Captioned web image data:
----------
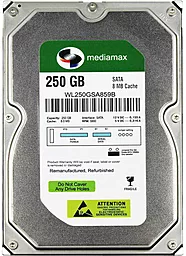 Жесткий диск Mediamax 250GB 5900rpm 8MB (WL250GSA859B_) - фото Жесткий диск Mediamax 250GB 5900rpm 8MB (WL250GSA859B_)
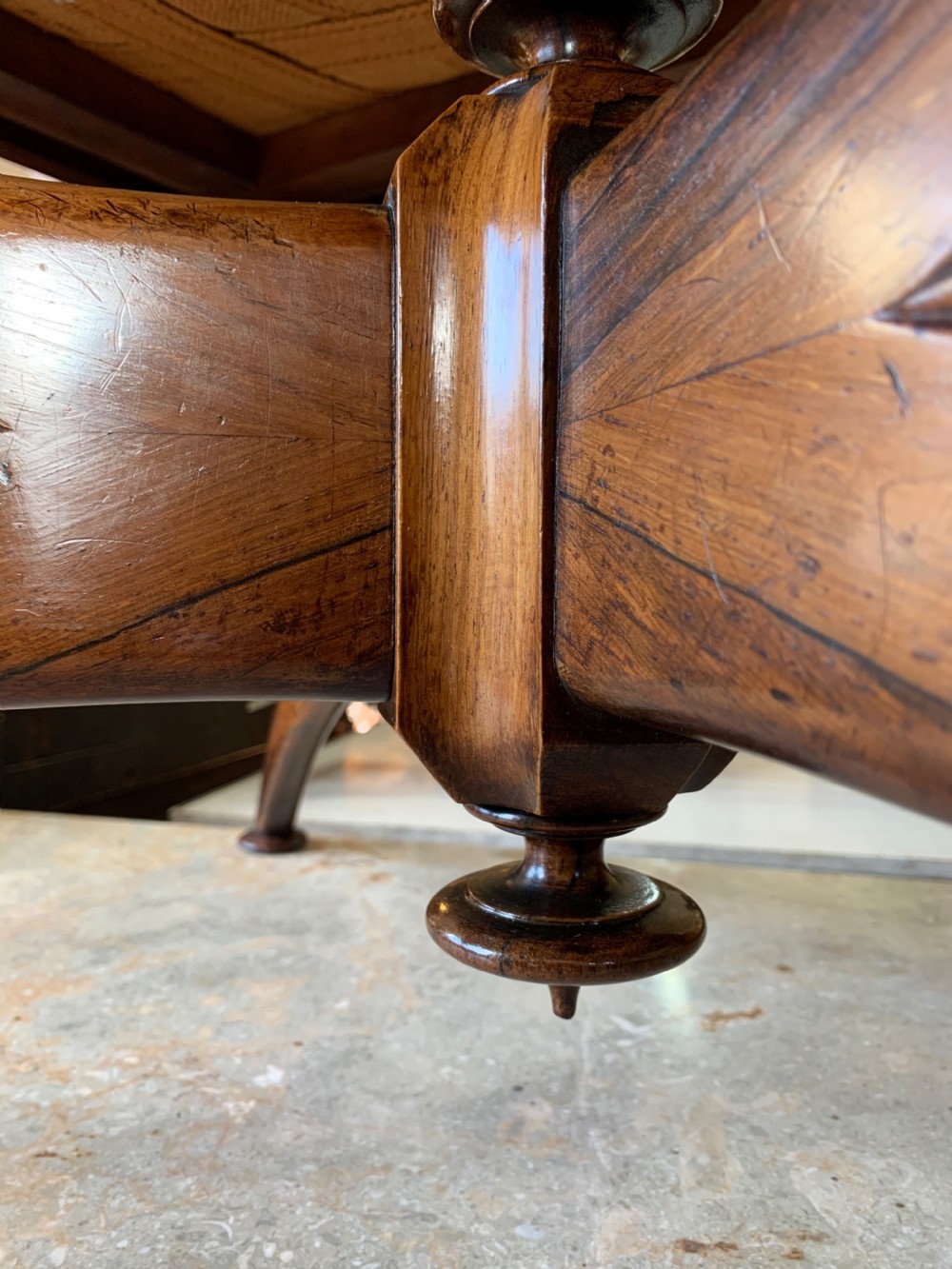 William IV rosewood stool View IV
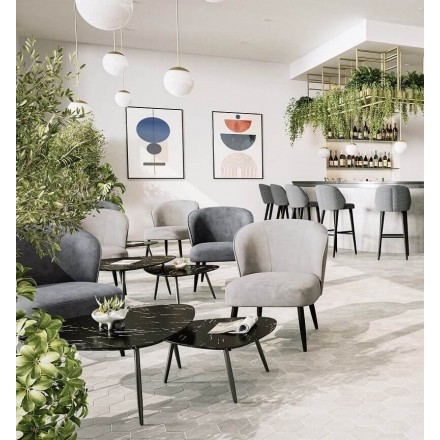 Chauffeuse EUGÉNIE | Greige  Chaises d'intérieur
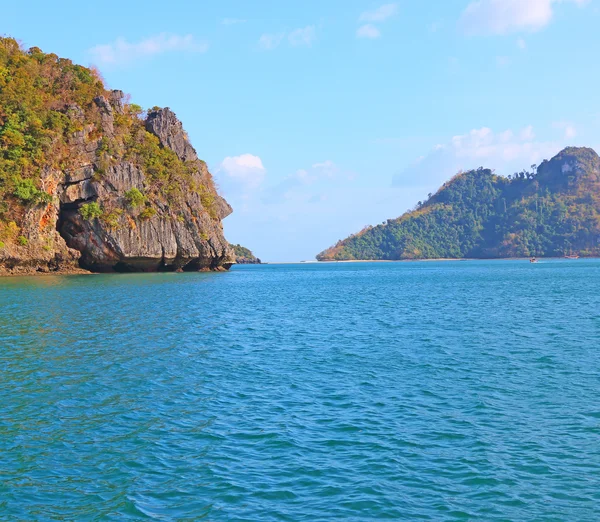 Islas frente a Tailandia krabi —  Fotos de Stock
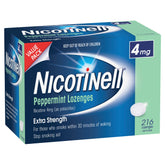 Nicotinell Stop Smoking Peppermint Lozenge Extra Strength 4mg 216 Pack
----------
WORK ORDER
All records above are to be repeated exactly, with the images left out.

RESPONSE TO THE EXERCISE
 Жесткий диск Mediamax 250GB 5900rpm 8MB (WL250GSA859B_) - фото Жесткий диск Mediamax 250GB 5900rpm 8MB (WL250GSA859B_)
 William IV rosewood stool View IV
 Chauffeuse EUGÉNIE | Greige  Chaises d'intérieur
 Islas frente a Tailandia krabi —  Fotos de Stock
 Nicotinell Stop Smoking Peppermint Lozenge Extra Strength 4mg 216 Pack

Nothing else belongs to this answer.